Risk Aversion and Max-Entropy
Posted: 2016-10-02.
I want to share a nice little problem that came up in discussion between Yiling Chen, Madhu Sudan, and myself. It turns out to have a cute solution that connects the geometry of proper scoring rules with a "max-entropy" rule.
A primer on proper scoring rules will be useful first!
The Tale of Rita
Once upon a time, Risk-Averse Rita worked as a weather reporter in Incentiveland playing the following game each day:
- Rita is given a set $Q$ of possible probability distributions over the day's weather outcome, e.g. $Q \subseteq \Delta_{\{\text{rain, cloud, sun}\}}$.
- Rita makes a prediction $p$, a distribution over the day's weather outcome.
- Nature picks a true distribution $q$ from $Q$, perhaps adversarially depending on Rita's prediction.
- The true weather outcome $e$ is drawn according to $q$.
- Rita is scored with a proper scoring rule $S(p,e)$.
In the case where $|Q| = 1$, i.e. Rita knows the true distribution $q$ of nature, then properness of the scoring rule implies that she should just report $q$. Now, if Rita is risk averse and wishes to maximizes her minimum expected score, how should she play? In math, she wants to solve
\[ \max_p \min_{q \in Q} \mathbb{E}_{e\sim q} S(p, e) . \] Recalling the notation $S(p;q)$ for expected score of report $p$ when $e \sim q$, this is \[ \max_p \min_{q \in Q} S(p;q) . \]The Solution
Luckily, Rita found an optimal strategy. The intuitive statement of the solution is:
If $Q$ is a convex set, then the optimal strategy is to assume the adversary will pick the "max-entropy" distribution in $Q$ and best-respond accordingly.

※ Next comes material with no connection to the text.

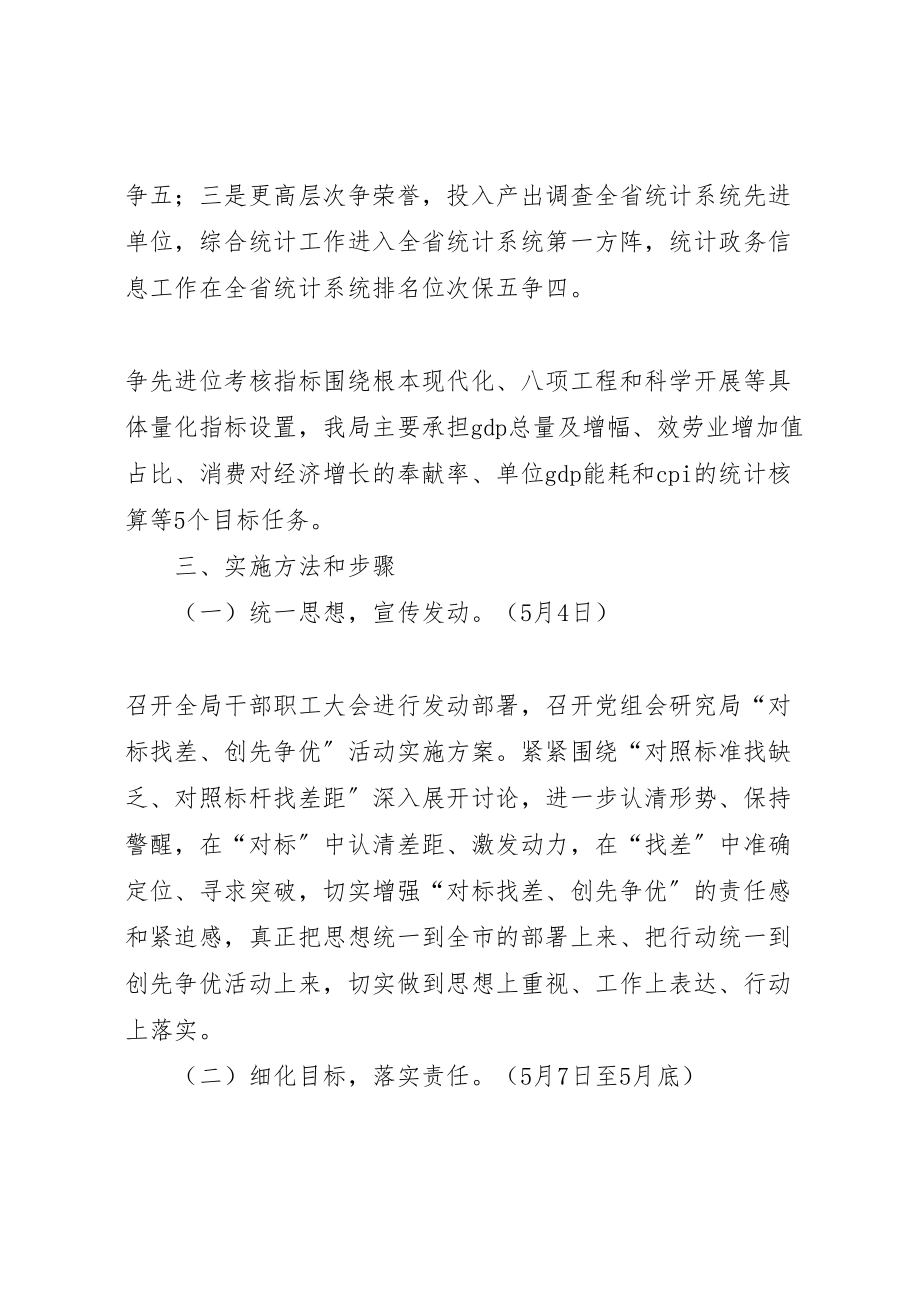 2023年统计局对标找差创先争优活动方案.doc_第3页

Furthermore, in this case, the adversary cannot improve on actually picking the "max-entropy" distribution.
Why do I have quotes around "max-entropy"? Because the measure of entropy changes depending on the scoring rule.

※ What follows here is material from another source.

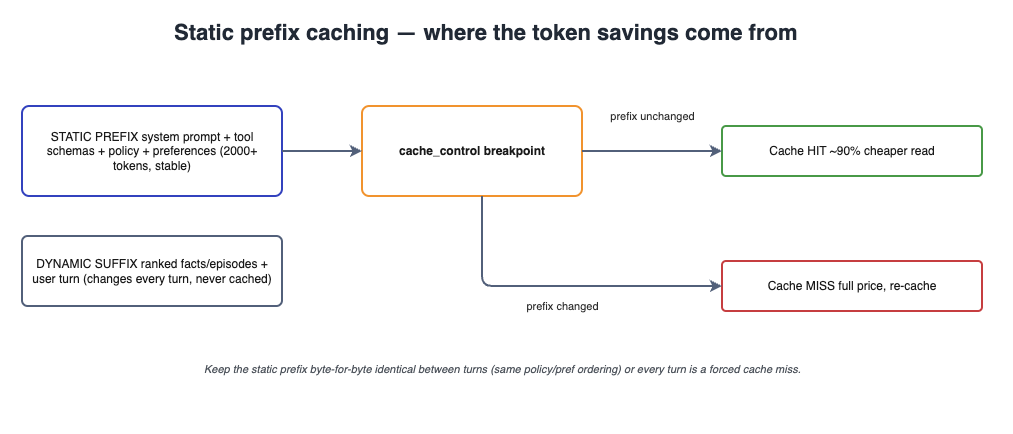 Bedrock caching: static prefix hits cache, dynamic suffix changes each turn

If you read my post on generalized entropies, you know that:
- Every proper scoring rule maps to a convex function $G$ where $G(q)$ is the expected score for optimally (truthfully) reporting given belief $q$.
- The concave function $F = -G$ can be interpreted as a "generalized entropy" function under an axiomatic approach.
Theorem. Let $Q$ be any convex set of distributions and suppose Rita faces scoring rule $S$ with differentiable convex expected score $G$. To solve the problem \[ \arg\max_p \min_{q \in Q} S(p;q) , \] Rita's optimal strategy is to report \[ q^* := \arg\min_{q \in Q} G(Q) . \]
Proof. It may be helpful to first see the pictures below. First, we will show that if Rita picks $p=q^*$, then her expected score is at least $G(q^*)$ for any choice of nature (achieved when nature chooses $q^*$). Then, we will show that any other report $p \neq q^*$ results in a worse score.
Claim 1. $\min_{q\in Q} S(q^*;q) = G(q^*)$.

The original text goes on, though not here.